Posted by Kimberly Shepherd on 12/24/2009 at 11:05am | permalink | Reply to this comment
Getting beyond your situation, you just need to be insanely busy doing stuff that charges your batteries. ENTJ's can't sit still and they are focused on next…not now. Stop dawdling and start working on your next business idea, your next relationship, and maybe find a new hobby…
sounds too simple…you will figure it out as you always do.
Happy holidays…
M
Posted by Mark F. on 12/24/2009 at 11:36am | permalink | Reply to this comment
Being lost is ok – but find the glass half full part of the equation – lost is not all bad … flip it and find the good – your lads, your loves past and present … thinking of you and sending my best le
Posted by le on 12/26/2009 at 05:05am | permalink | Reply to this comment
Dear Penelope,
Reading your doubts how you communicate with people I am surprised.
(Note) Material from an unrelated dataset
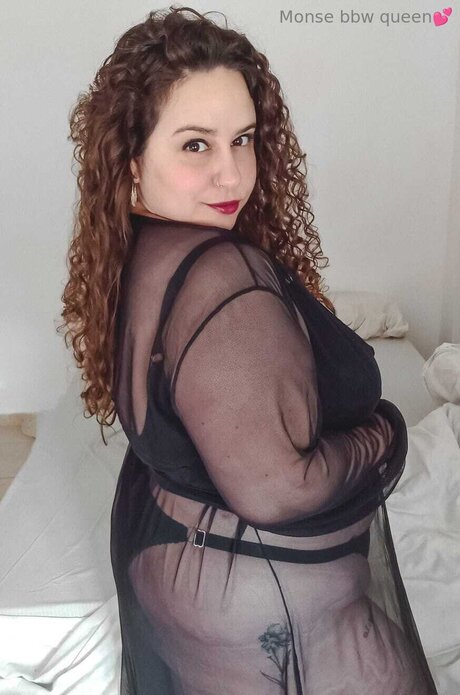 Monsebbwqueen sexy pornstar img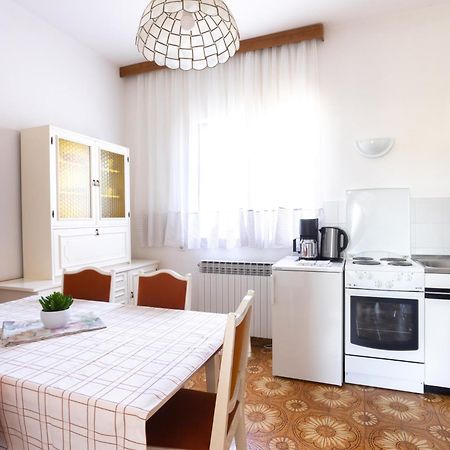 Apartments Lonzor I Selce Buitenkant foto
It seems to you that voice tone was changed? Nanny and CEO are pretending that it was not? Why so simple thing is not coming out of your mind that your nanny is just keeping herself out of your conflicts? And CEO does not think that it is important to him or the company? How many things we hear, see, feel or say "pay attention to" when it is not important to us personally? Why any problem (or say difference) in communication is going as Asperger's syndrome? What you can not do really at that moment – you can not figure out how to react on that voice tone and what is right reaction. But this is another story. Our ways of communications are different (you should hear about representational systems), our experiences are different – so our reactions do.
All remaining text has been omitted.